According to LSEG Lipper data, investors withdrew a net $25.71 billion from global bond funds during the week, the biggest amount for a week since April 1, 2020.

U.S. Treasuries saw heavy selling this week after President Donald Trump escalated the trade war with China, lifting tariffs on Chinese imports on Wednesday to an effective rate of 145% and fuelling concerns that Beijing could raise its own duties.

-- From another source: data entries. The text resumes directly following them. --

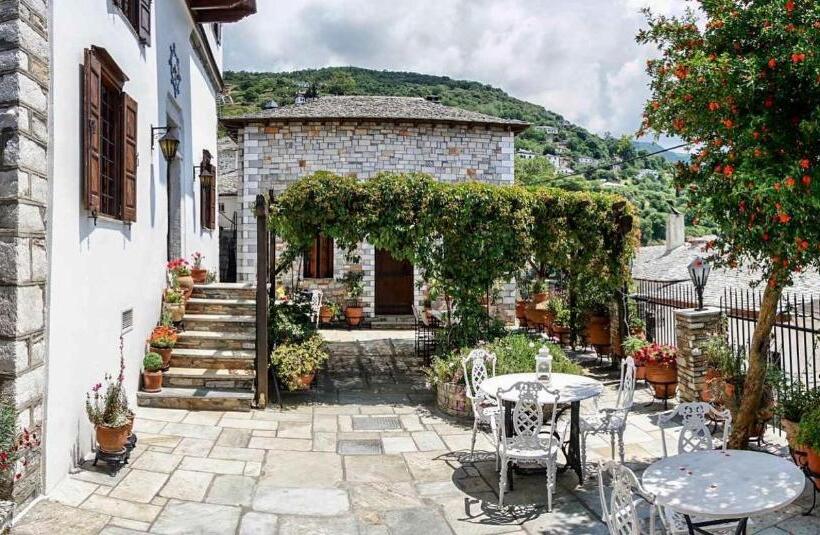 اتاق سوپریور با چشم‌انداز دریا, Archontiko Repana   Makrinitsa Stone Retreat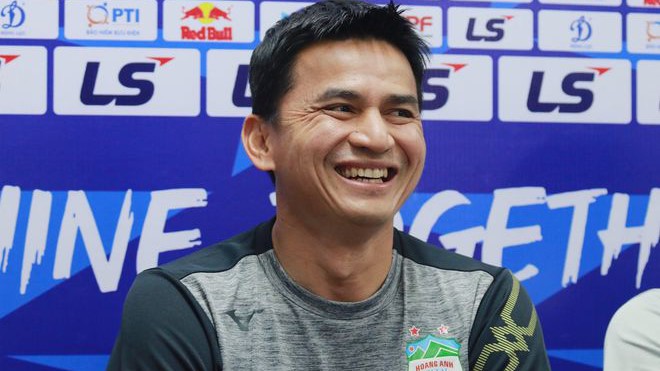 Báo Thái: “Kiatisak ghi điểm cực mạnh trước mặt HLV Park”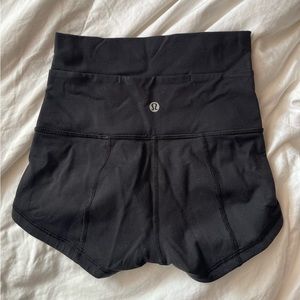 LULULEMON BIKER SHORTS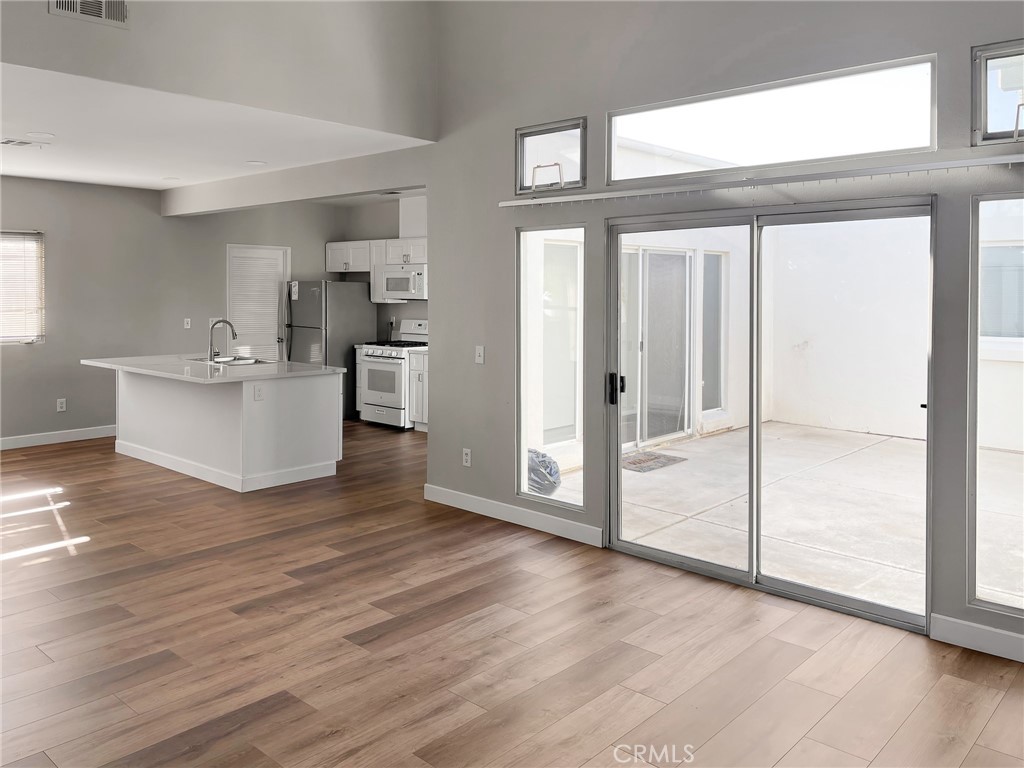 Riverside Condo: 7731 Evans Street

China did take that step on Friday, hiking its tariffs on U.S. imports to 125%.

The benchmark 10-year U.S. treasury yield has so far increased about 45.5 basis points to 4.45% this week, the biggest increase in a week since November 2001.

Some analysts said the selloff in U.S. bonds signals a shift in global confidence, with Treasuries, long seen as the bedrock of the financial system, coming under strain from rising geopolitical tensions and doubts over U.S. financial dominance.

By region, investors pulled a net $15.64 billion from U.S. bond funds in the week to April 9, logging the biggest weekly net sales in over 27 months. Investors also ditched $12.72 billion worth of European funds, while Asian funds saw about $289 million worth of net inflows.

The high-yield bond funds and loan participation funds saw intense selling pressure as investors divested these funds to the tune of $15.92 billion and $6.69 billion respectively during the week.

Safe-haven money market funds saw a second straight week of net inflows, drawing in $25.8 billion.

Investors also pulled $10.7 billion from global equity funds amid sharp market volatility.

Sectoral equity funds posted record weekly outflows, led by financials, healthcare and tech, which saw net redemptions of $3.23 billion, $1.21 billion and $867 million, respectively.

At the same time, gold and precious metals funds saw net inflows of $1.03 billion, marking their ninth straight week of gains.

Among emerging market funds, equity and bond funds logged their biggest weekly outflows in over four months, at $4.9 billion and $3.6 billion, respectively.